Medvedev: Russia waging sacred battle against ‘Satan’ and ‘Nazi drug addicts’
Former president, who once cast himself as a liberal modernizer, says Moscow has ability to ‘send all our enemies to fiery hell’
Former Russian President Dmitry Medvedev on Friday described Moscow’s invasion of Ukraine as a sacred conflict with Satan and warned that his country was capable of sending “all our enemies to fiery Gehenna.”
Medvedev, who is now deputy chairman of Russia’s Security Council, appeared to be using a version of the Hebrew word for hell in his speech to mark Russia’s Day of National Unity.
The former president said Russia’s task in the invasion was to “stop the supreme ruler of hell, whatever name he uses — Satan, Lucifer or Iblis,” according to quotes run by the Reuters news agency.
He added that Russia was fighting “crazy Nazi drug addicts” in Ukraine who are backed by Westerners with “saliva running down their chins from degeneracy.”
Medvedev, who served as president from 2008 to 2012, once characterized himself as a liberal modernizer of Russia, but has been issuing scathing diatribes since against Russia’s perceived enemies since the start of the war.
Separately on Friday, Russian President Vladimir Putin called on civilians to be taken out of Moscow-occupied Kherson in southern Ukraine, where Russian forces have been leading evacuations since mid-October as Kyiv’s forces advance.
“Those who live in Kherson should be removed from zones of dangerous fighting,” the Russian president told young volunteers from the occupied Ukrainian territories on Red Square as Moscow celebrated Unity Day.
“The civilian population should not suffer from shelling, an offensive, a counter-offensive or other such things,” he said.
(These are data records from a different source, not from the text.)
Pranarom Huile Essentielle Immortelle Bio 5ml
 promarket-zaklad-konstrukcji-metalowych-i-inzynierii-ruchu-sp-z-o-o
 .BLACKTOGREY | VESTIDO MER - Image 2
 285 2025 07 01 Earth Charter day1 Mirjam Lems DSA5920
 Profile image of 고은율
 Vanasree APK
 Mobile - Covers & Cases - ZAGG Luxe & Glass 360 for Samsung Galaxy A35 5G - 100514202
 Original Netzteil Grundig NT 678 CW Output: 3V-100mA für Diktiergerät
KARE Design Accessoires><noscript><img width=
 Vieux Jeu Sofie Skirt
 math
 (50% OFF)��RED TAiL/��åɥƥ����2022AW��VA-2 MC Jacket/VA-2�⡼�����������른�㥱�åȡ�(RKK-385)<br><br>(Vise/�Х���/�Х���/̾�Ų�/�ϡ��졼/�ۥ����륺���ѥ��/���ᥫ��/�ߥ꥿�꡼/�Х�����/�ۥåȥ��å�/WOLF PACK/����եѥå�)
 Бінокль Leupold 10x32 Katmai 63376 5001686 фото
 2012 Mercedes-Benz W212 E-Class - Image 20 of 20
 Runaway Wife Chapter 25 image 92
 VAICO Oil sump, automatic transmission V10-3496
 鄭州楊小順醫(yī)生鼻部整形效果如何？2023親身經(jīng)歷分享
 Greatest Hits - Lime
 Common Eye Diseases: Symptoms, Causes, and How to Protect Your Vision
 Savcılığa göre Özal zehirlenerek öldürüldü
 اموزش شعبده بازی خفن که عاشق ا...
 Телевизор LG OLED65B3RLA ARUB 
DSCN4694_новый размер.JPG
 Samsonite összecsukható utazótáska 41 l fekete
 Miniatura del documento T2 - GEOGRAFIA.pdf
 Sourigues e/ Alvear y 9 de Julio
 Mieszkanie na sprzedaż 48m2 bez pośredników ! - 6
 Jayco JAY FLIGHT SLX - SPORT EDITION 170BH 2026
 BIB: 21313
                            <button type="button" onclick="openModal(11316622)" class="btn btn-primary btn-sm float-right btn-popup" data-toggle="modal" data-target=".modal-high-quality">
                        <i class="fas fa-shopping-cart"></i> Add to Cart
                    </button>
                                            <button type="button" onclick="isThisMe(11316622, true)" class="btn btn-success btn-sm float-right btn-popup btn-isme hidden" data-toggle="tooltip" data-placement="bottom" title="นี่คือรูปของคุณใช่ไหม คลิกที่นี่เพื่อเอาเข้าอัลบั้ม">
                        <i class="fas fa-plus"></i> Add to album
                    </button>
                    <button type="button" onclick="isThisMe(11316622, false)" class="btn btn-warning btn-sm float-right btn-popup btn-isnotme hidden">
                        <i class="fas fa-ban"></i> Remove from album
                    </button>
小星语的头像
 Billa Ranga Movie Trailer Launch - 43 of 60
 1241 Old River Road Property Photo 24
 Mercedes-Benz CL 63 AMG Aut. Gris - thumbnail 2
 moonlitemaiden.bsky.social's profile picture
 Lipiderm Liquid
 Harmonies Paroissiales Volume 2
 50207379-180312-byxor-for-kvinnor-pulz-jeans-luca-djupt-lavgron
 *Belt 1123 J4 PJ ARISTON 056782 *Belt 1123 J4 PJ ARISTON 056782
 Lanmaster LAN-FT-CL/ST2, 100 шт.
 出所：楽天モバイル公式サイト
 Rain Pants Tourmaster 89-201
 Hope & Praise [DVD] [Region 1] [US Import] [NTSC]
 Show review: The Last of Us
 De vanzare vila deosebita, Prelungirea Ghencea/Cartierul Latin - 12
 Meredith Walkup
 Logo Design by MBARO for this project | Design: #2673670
The Russian army later said it was evacuating “more than 5,000 civilians” from the Kherson region each day.
Putin was speaking to volunteers involved in helping people leave Kherson, in remarks made after laying flowers at a monument honoring those who fought off a Polish invasion in 1612.
He said Moscow had mobilized 318,000 recruits since he announced a military call-up in September, which has since been completed.
That exceeded his target of 300,000 because “volunteers keep coming,” he claimed, amid widespread reports of forced drafting.
The Kremlin chief said he wanted to restore historical monuments in the occupied territories so that those “who lived under crazy, idiotic propaganda for 30 years” would know “where their ancestors came from.”